My sister wanted to convey the idea that she works somewhere and she used this sentence which I found quite odd. I tried looking for similar sentences but only found sentences like, 'she does odd jobs' which sounds perfectly fine. But saying 'I do a job' sounds very wrong grammatically and otherwise.
I have a job
means I am employed or I work.
I do a job
The sentence isn't ungrammatical, but the use of the verb "do" in the context is far less common. You usually say:
I have a job.
I am working or I work.
I am employed.
I am in a job (though less common).
In BrE, you can also say:
I am in work.
"I do paint houses" is a valid statement.
Usually people will say "I paint houses".
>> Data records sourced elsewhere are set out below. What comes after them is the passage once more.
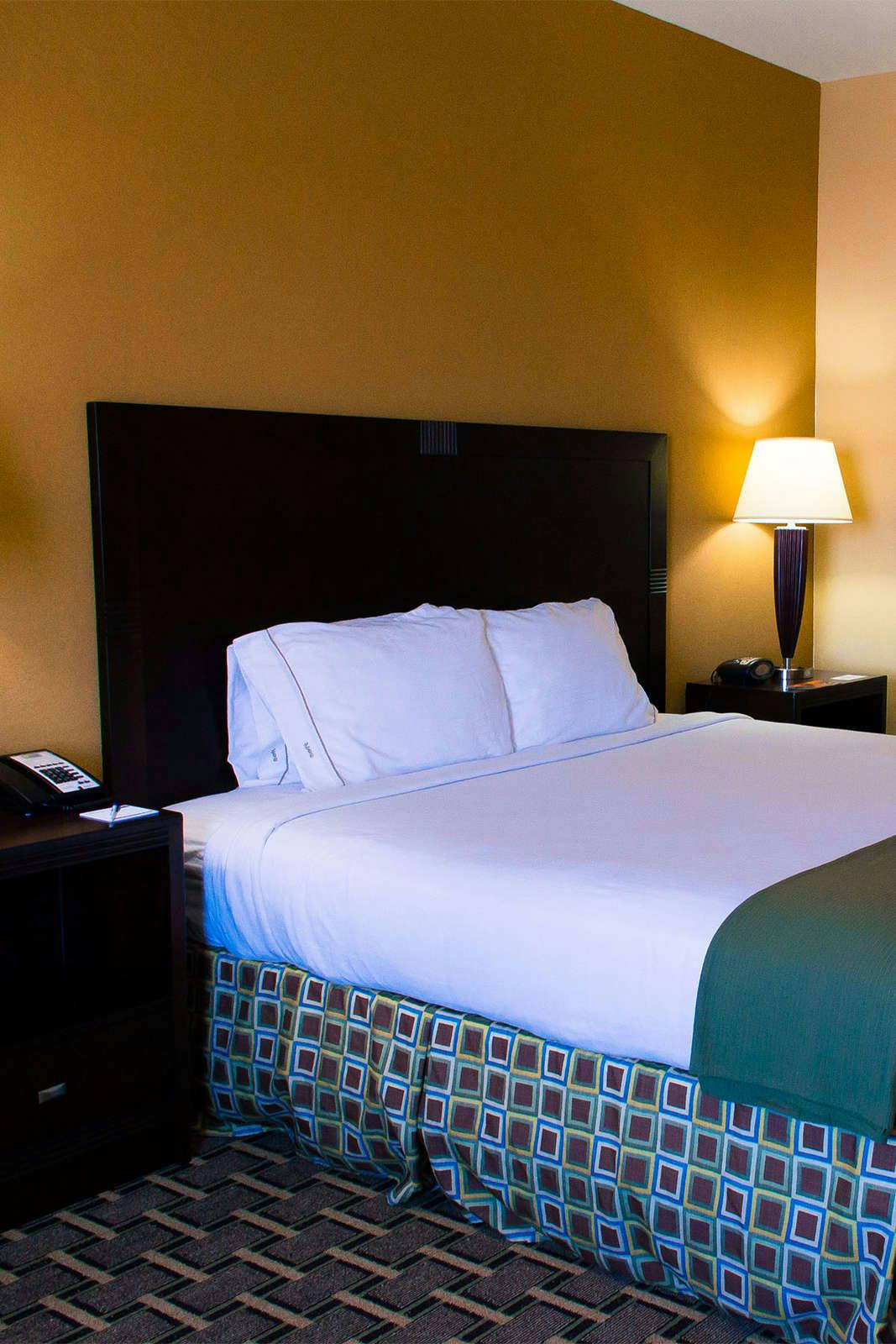 Hotel Holiday Inn Express Hotel & Suites El Paso West photo 1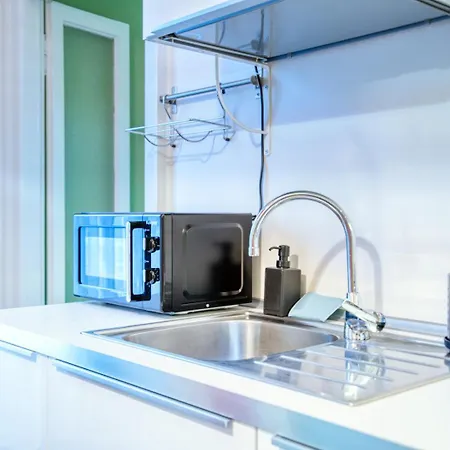 Guesthost - Madewithlove Near Maciachini M3 Apartamento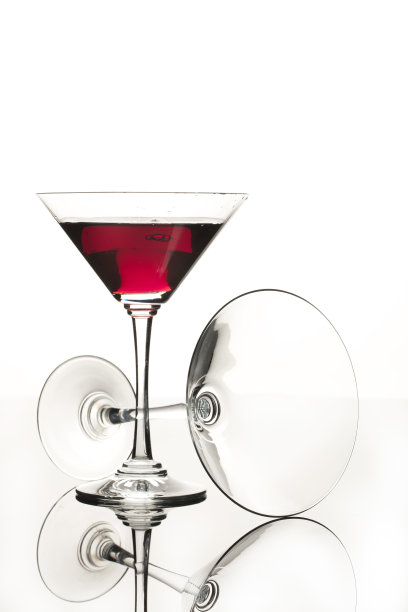 黑玻璃工作室背景上的葡萄酒杯图片下载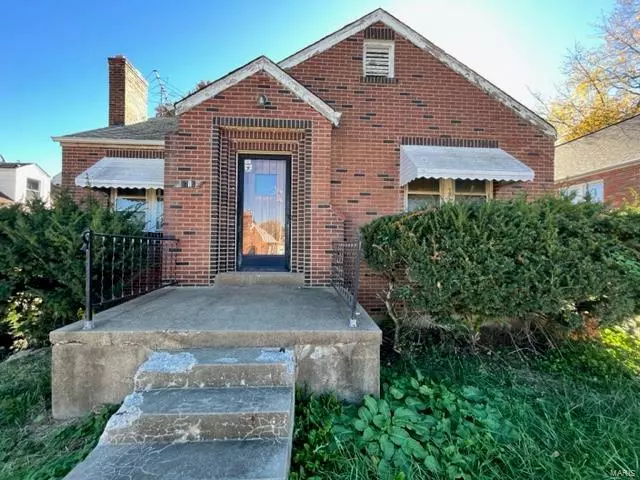 8716 Acacia DR, St Louis, MO 63136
The exact sentence you said is valid English. (However, since most people do a job of some sort, the sentence seems to have little point, just like "I breathe" is usually something that people safely assume.)
In what context would you use this phrase? Variations of the phrase that would be used more often are "I did a job [where I...]" as in past tense.
If you're talking about being employed, try using "My job is..." or a longer version like "I work at (somewhere, e.g. Intel) where I (job e.g. build computers)."
I do a job. The sentence is grammatical.
Incorrec:With the right tools, I could make the job in five minutes. Correct: With the right tools, I could do the job in five minutes.
Do a job (NOT make ):
'There are lots of jobs to do when we get home.' (= pieces of work) 'There's no need to thank me. I was just doing my job.' (= what I do to earn a living)
Reference :Longman Dictionary of Common Errors.